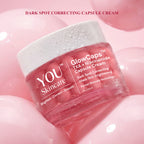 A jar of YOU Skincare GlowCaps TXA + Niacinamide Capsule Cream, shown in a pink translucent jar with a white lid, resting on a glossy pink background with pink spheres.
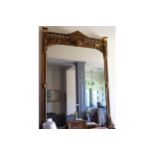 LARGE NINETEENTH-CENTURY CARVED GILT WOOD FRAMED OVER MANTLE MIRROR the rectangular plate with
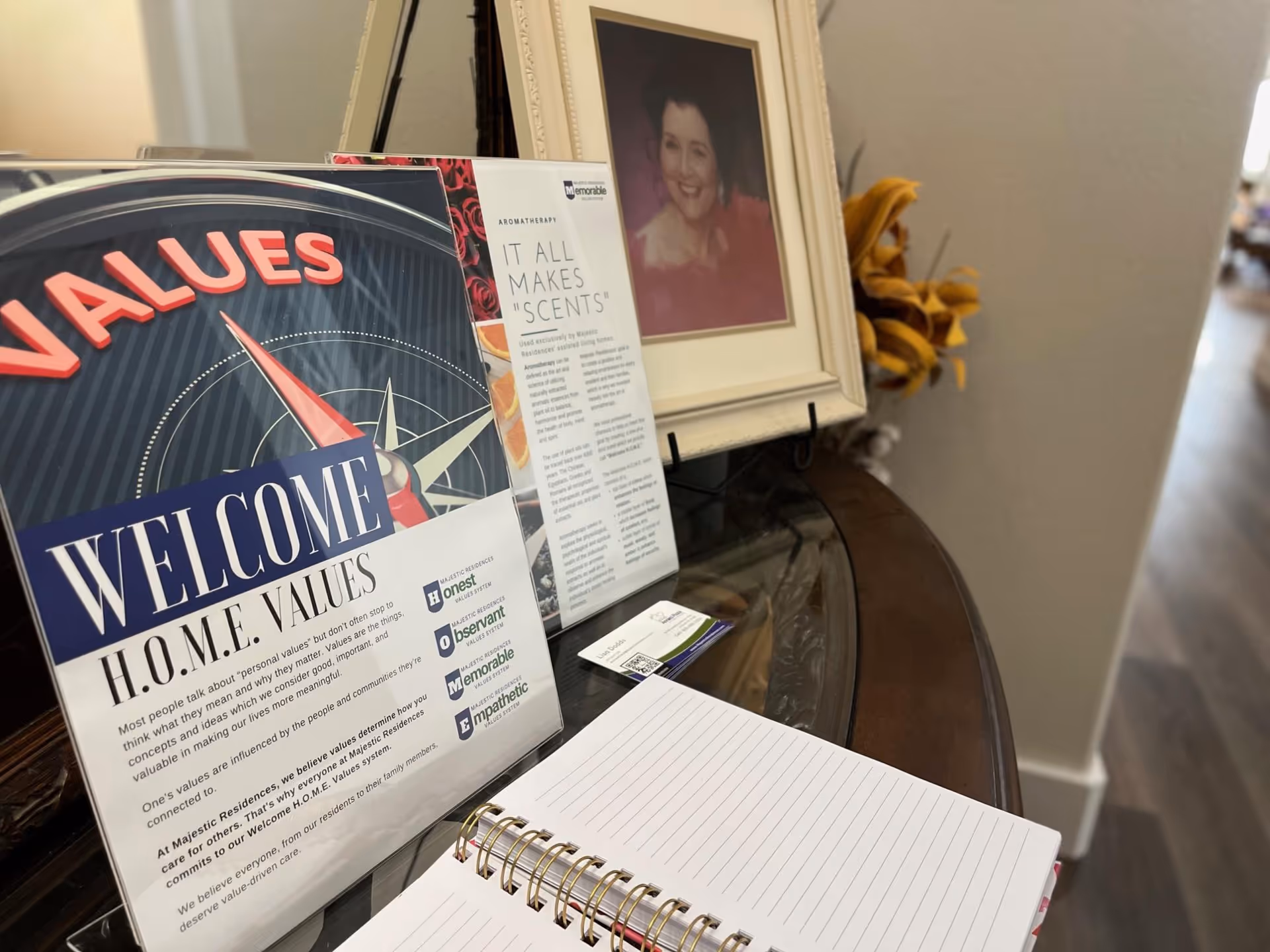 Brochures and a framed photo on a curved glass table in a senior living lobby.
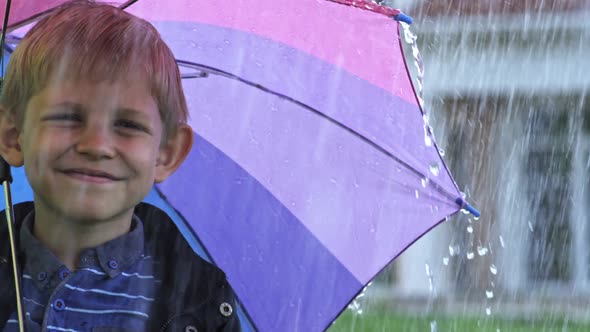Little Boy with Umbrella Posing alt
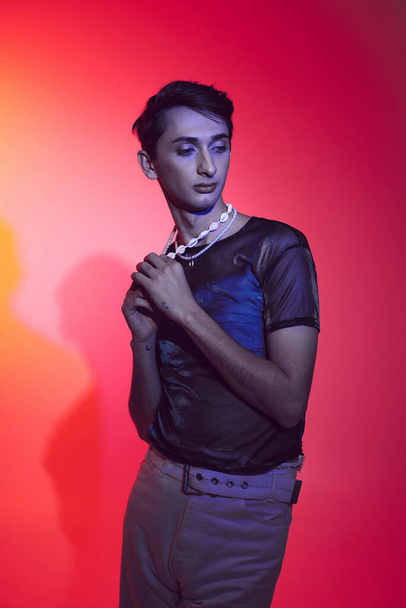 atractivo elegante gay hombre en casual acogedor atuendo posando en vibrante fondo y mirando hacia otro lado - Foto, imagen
==
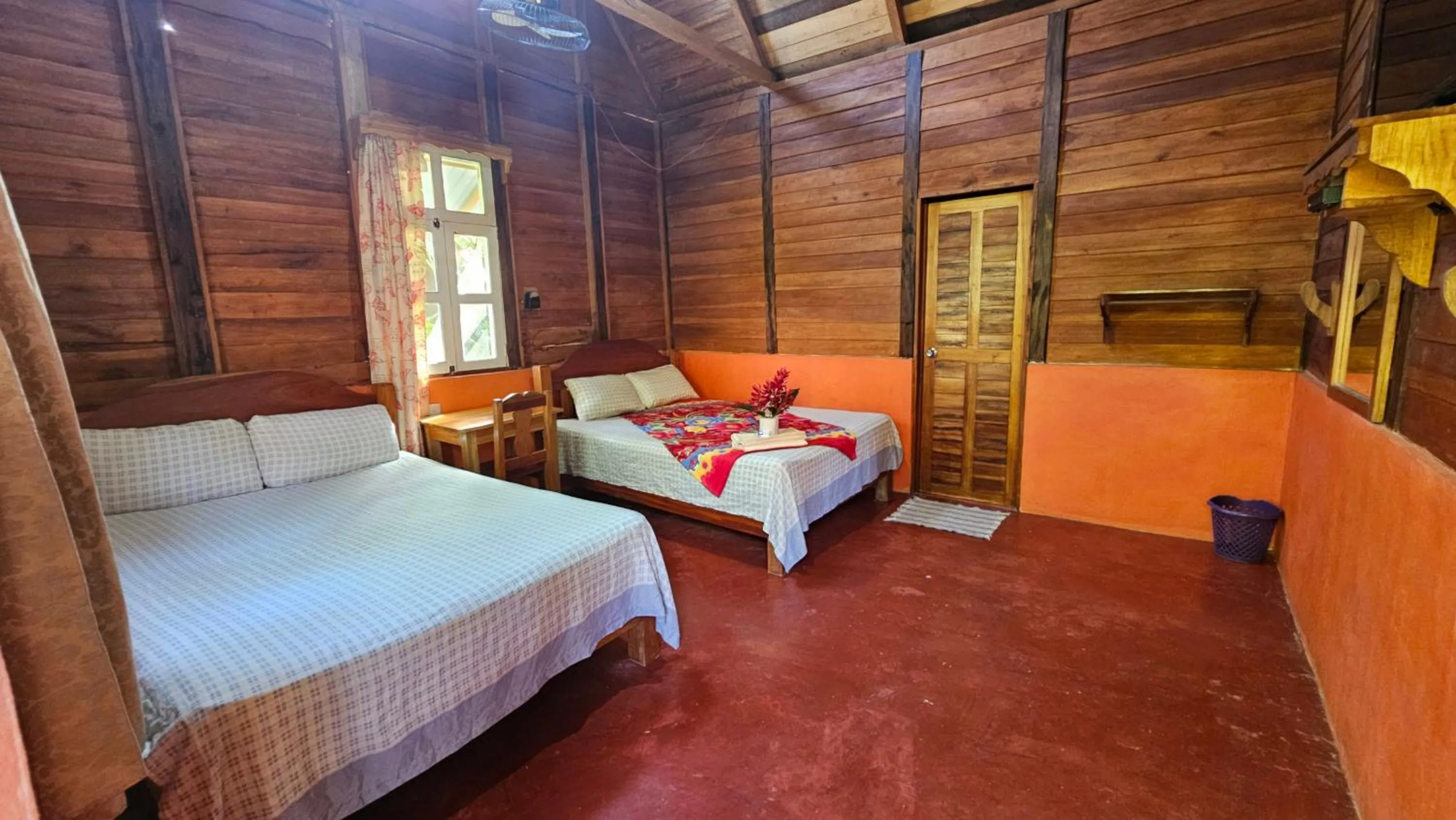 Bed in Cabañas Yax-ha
...
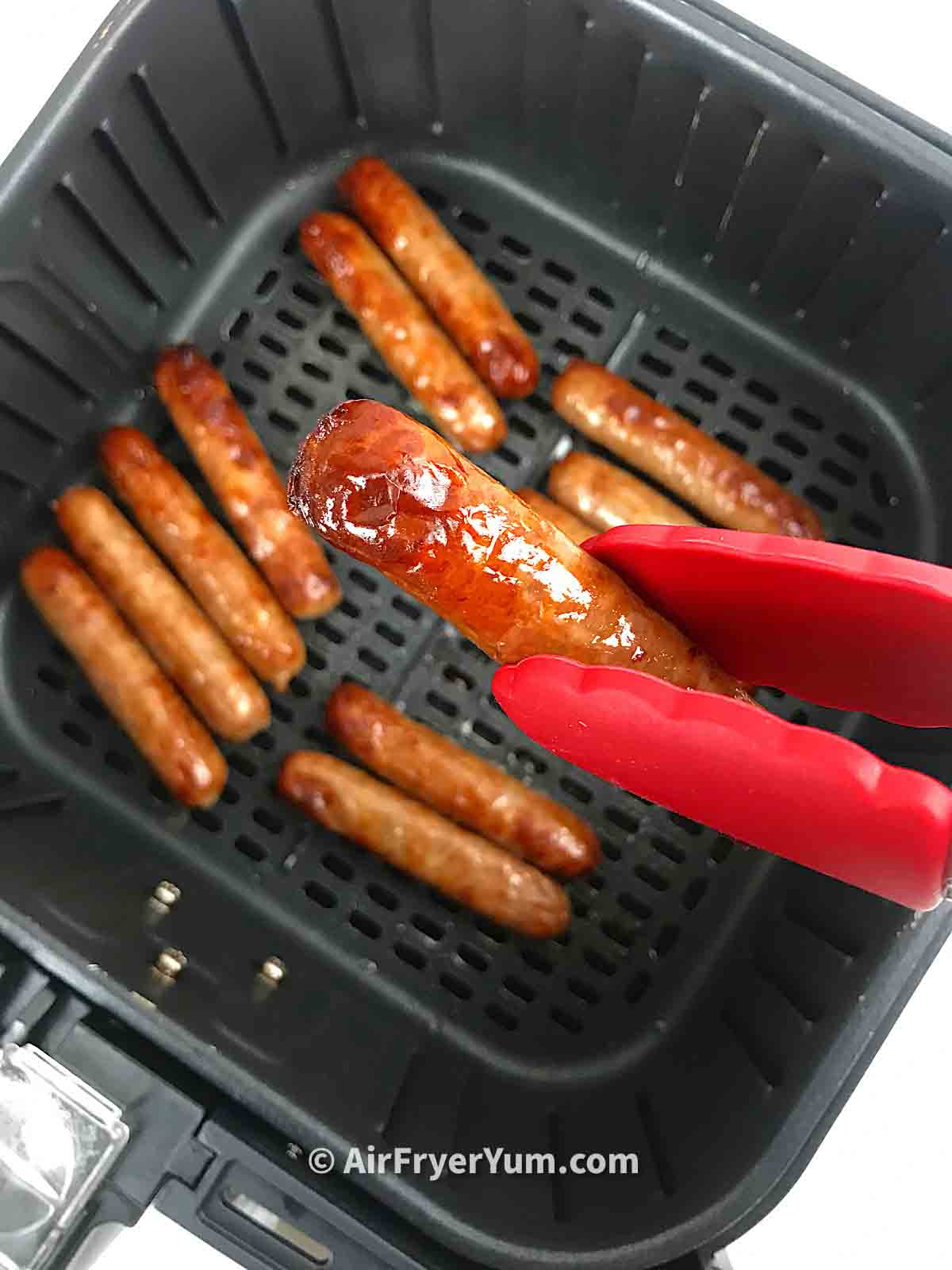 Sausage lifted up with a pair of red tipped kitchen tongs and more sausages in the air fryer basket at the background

▶ **What is expected**
Find the line with "A jar of YOU" and the line with "LARGE NINETEENTH-CENTURY CARVED" in the records above. Copy both and all lines between them exactly, without pictures.

▶ **Solution below**
 A jar of YOU Skincare GlowCaps TXA + Niacinamide Capsule Cream, shown in a pink translucent jar with a white lid, resting on a glossy pink background with pink spheres.
 LARGE NINETEENTH-CENTURY CARVED GILT WOOD FRAMED OVER MANTLE MIRROR the rectangular plate with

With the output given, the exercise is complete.